TORONTO - Robert Munsch, the children's author whose fertile imagination has produced beloved books including "Love You Forever" and "The Paper Bag Princess," says he's been unable to create new stories since suffering a stroke four months ago.

"I try to do poetry and make up stories and it doesn't work, and (the doctors) told me that I should probably wait for a year for that to come back," he said in a recent interview from his home in Guelph, Ont.

"It teaches you to be very patient."

Munsch, 63, was unable to speak for two days after the stroke in August. He calls it an "excruciating time."

"When I realized I couldn't talk, it was: `Well that's that,"' said the author, who used to do about 50 storytelling gigs a year.

"I didn't know if it was going to come back or not -- you know, put me out to pasture. Happily, it came back."

Munsch was able to recover enough to go through with a brief Ontario book tour in the fall. And, he's scheduled to do a reading as part of the 11th annual Family Literacy Day on Jan. 27.

Once he's fulfilled that obligation, however, he plans to retreat from the spotlight.

"I just scrubbed everything," said Munsch, who has been involved in Family Literacy Day, organized by ABC Canada Literacy Foundation, for six years.

While on hiatus, he plans to edit the whopping 51 book drafts he had on the go before his stroke.

"I'm just reworking the stuff that I have. I'm not doing new stuff," said Munsch, who has already written more than 50 books, the first of which was "Mud Puddle."

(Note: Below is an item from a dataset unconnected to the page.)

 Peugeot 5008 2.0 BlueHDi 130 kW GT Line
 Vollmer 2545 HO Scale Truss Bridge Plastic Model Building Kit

The soft-spoken wordsmith said he didn't know what had happened when he woke up one day last summer and couldn't speak. His wife, Ann, drove him to the local hospital, where he stayed for just two days.

"It didn't affect my physically; there was no physio(therapy)," said Munsch, who was born in Pittsburgh and studied to be a Jesuit priest before he decided to work in preschools, where he got his start as a storyteller.

"I could even drive my car, it turned out. But what I couldn't do was talk."

His 28-year-old son, Andrew, flew in from South Korea to be with him, alongside daughters Julie, 32, and Tyya, 23.

"They were very upset," admitted Munsch. "When they came home and I couldn't talk, they didn't know how to deal with it."

The author said he'll probably have to take blood-thinning pills for the rest of his life, but believes things could be much worse.

"I was lucky enough to have the stroke in a bunch of nerves that connect the top of the brain to the bottom of the brain," he explained.

"The top of the brain is still all working. If I'd had it in the frontal lobes or the speech area, I could've had speech just wiped out -- just gone."

Still, he can't push himself too much.

While on the mini book tour in the fall, "they would put me in a bus and I would sleep," he said.

"The need to sleep is one of the big things that a stroke does to you so I have to be careful that I get enough sleep."

He also sometimes has trouble constructing his sentences -- "mini periods of aphasia," he called it.

"But it gets lost in conversation," he added. "You don't notice it."

Munsch still wants to maintain his average of two published books per year, one in the spring and one in the fall. The next title scheduled to hit shelves is "Down the Drain," about a young boy who has a mishap during bath time.